A brief history of Chesterfield’s markets

In this post we take a very brief look at Chesterfield’s markets.

Changing retail – 1. The Market Place (originally part of the New Market first laid out in the 1190s) pictured on the last day of fish stalls on the open stalls. These businesses transferred to covered accommodation in the re-vamped Market Hall. Stall illumination is provided by tungsten lamps. Boots were yet to move to their new Low Pavement premises, which incorporated the former Greave’s chemist premises. An autumn 1980 view. (Philip Cousins).

The first reference to a market in Chesterfield is in 1165 and the present market place (known throughout the Middle Ages as the New Market) had been built by 1199. This is before the burgesses (inhabitants of the borough with full rights of citizenship) were granted the right in 1204 to hold a Saturday market and an eight-day annual fair.

This area of the churchyard would once have been home to part of the original market in Chesterfield.

The old market place, was situated the north side of the parish church. This became known as the Weekday Market, presumably because a small number of traders stood there on days other than Saturdays. The chartered Saturday market was held in the present Market Place. The old market place had been built over the by the 15th century and may have gone out of use before then.
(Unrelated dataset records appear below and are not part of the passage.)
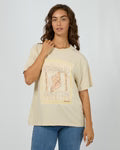 ALL ABOUT EVE Adriatic Box Tee - Natural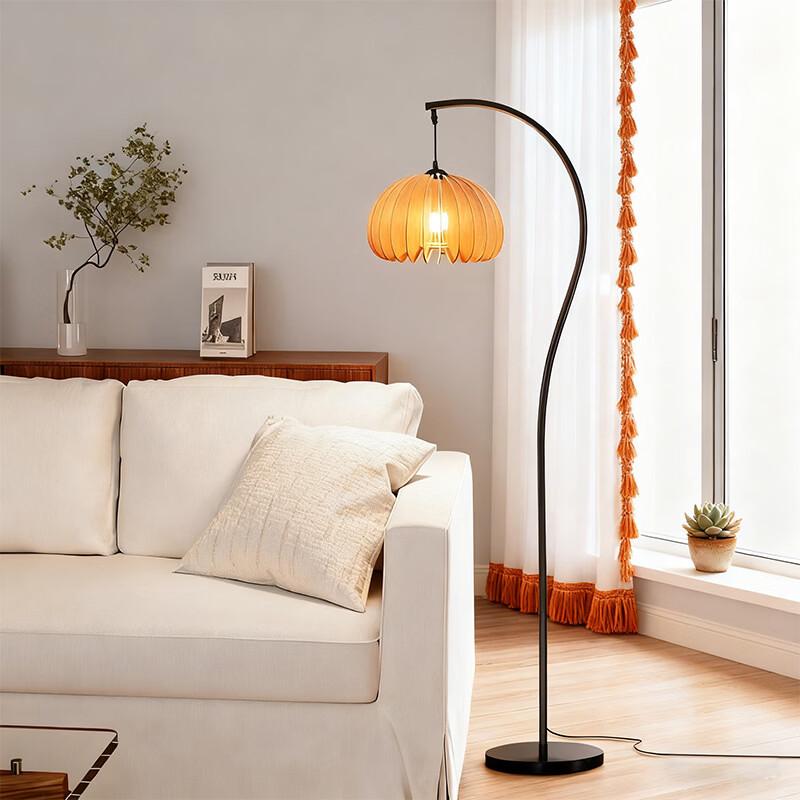 Oeny Pumpkin Vintage Floor Lamp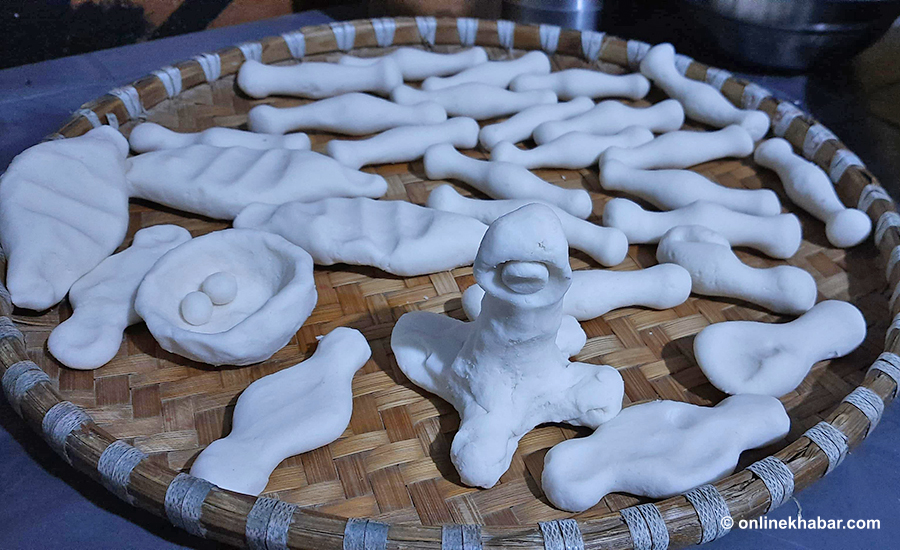 Traditional Bagiya, the Tharu steamed rice-flour delicacy of Nepal's Terai region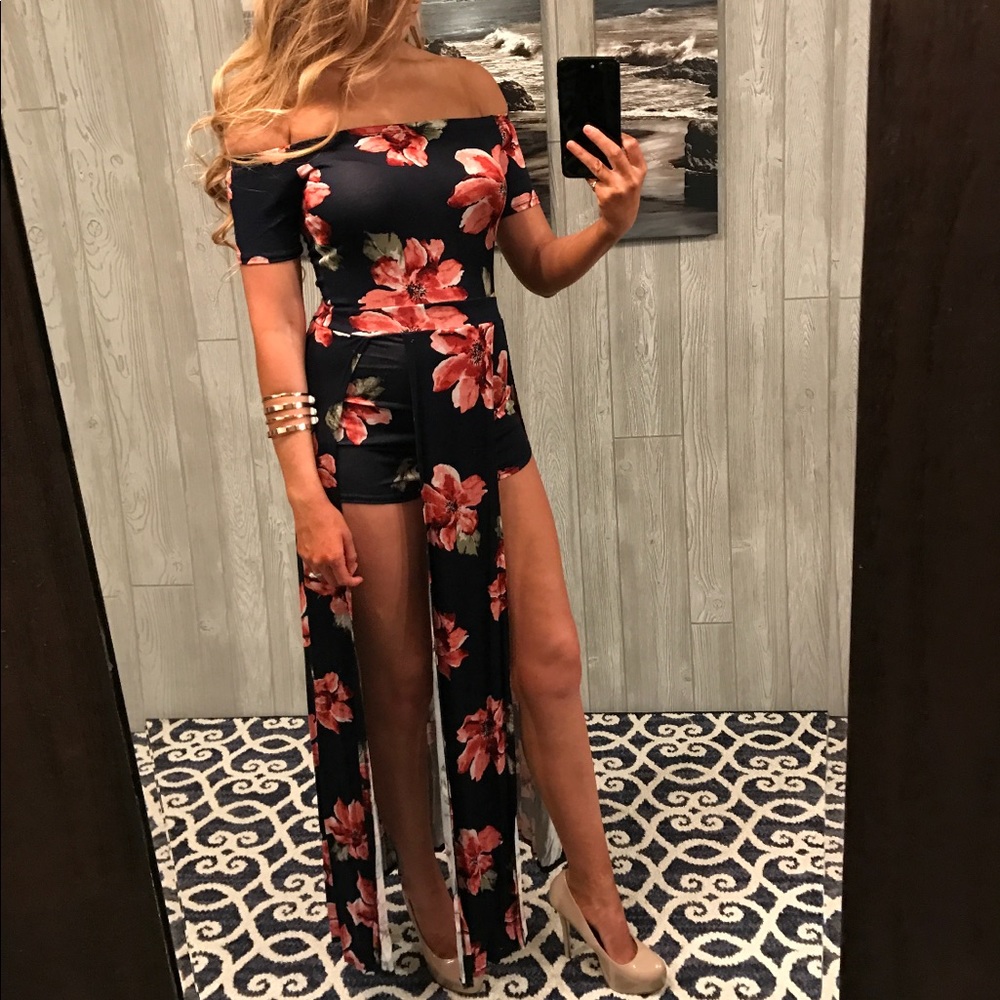 Floral Frenzy Romper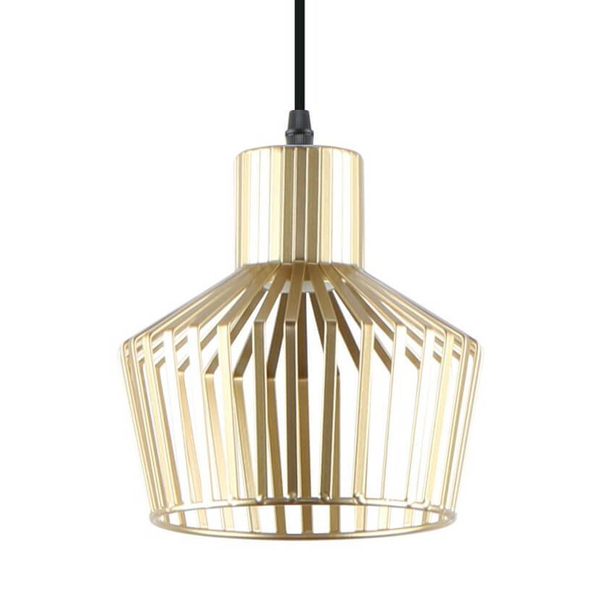 Wisząca lampa do kuchni Dolia A8079-GLD Zumaline nad stół druciana złota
Construction of the New Market of the 1190s, by the Crown Officials who had charge of the Manor of Chesterfield, was undoubtedly a bold move. The existing market next to the parish church must have become constrained due to its position – being unable to be extended.

Changing retail – 2. Low Pavement under redevelopment for ‘The Pavements’ shopping centre in June 1980. The former well-known Greave’s chemist shop was situated in the corner white-painted building. Only the frontages of the original buildings remained after the redevelopment, which comprised a modern shopping complex behind the facades. (Philip Cousins).

The New Market had three components: the open market place (basically the current market area), the lines of shops and houses along its northern and southern sides, and the block of shambles at its eastern end. The shambles were constructed for butchers, fishmongers and possibly other traders who would have stood in the market every day, not merely on Saturdays. The map extract from Potter’s 1803 plan of the town shows some of the layout of the market place area (note though, that not all properties are shown).

The Market Hall, originally built by a private company, dates from 1857. It replaced earlier buildings on the same site. These also provided covered accommodation for some traders and rooms for public meetings. The Market Hall was refurbished in the late 1970s, and again more recently.

Changing retail – 3. Another June 1980 view, this time showing The Shambles under refurbishment. By this time the area had become quite run-down. This photograph would have been taken on a Sunday – before shops were allowed to open in 1994. Note the dog outside ‘Ye Royal Oak’ and the Bass Charrington ‘toby jug’ light above the entrance. (Philip Cousins).

An extract from Peter Potter’s 1803 map of Chesterfield. Not all properties are shown. Note the buildings on the site of the present Market Hall.

Although other fairs were established in Chesterfield after 1204, alongside the main September fair, no additional markets were chartered. The practice of holding markets on Friday and Monday, as well as Saturday, appears to date only from the early 20th century. The practice of erecting stalls other than in the Market Place is much more recent.

In 1900 the livestock market, which had been held in the Market Place, was transferred to a new purposely laid out ste off Markham Road.

One important lesson that can be reached from the market’s long history is that retailing (including markets) evolves continuously and must alter, as it has in the past, to meet changing consumer demand.

You can find out lots more about the growth of Chesterfield town centre and the history of the town’s markets in our ‘Chesterfield Streets and Houses book’.

The above is an edited extract from Chesterfield & District Civic Society’s response to the borough council’s Market Place consultation (http://www.chesterfieldcivicsociety.org.uk/2021/08/chesterfield-market-place-consultation/). It was written by our VCH County editor – Philip Riden – in his role as Chairman of the society.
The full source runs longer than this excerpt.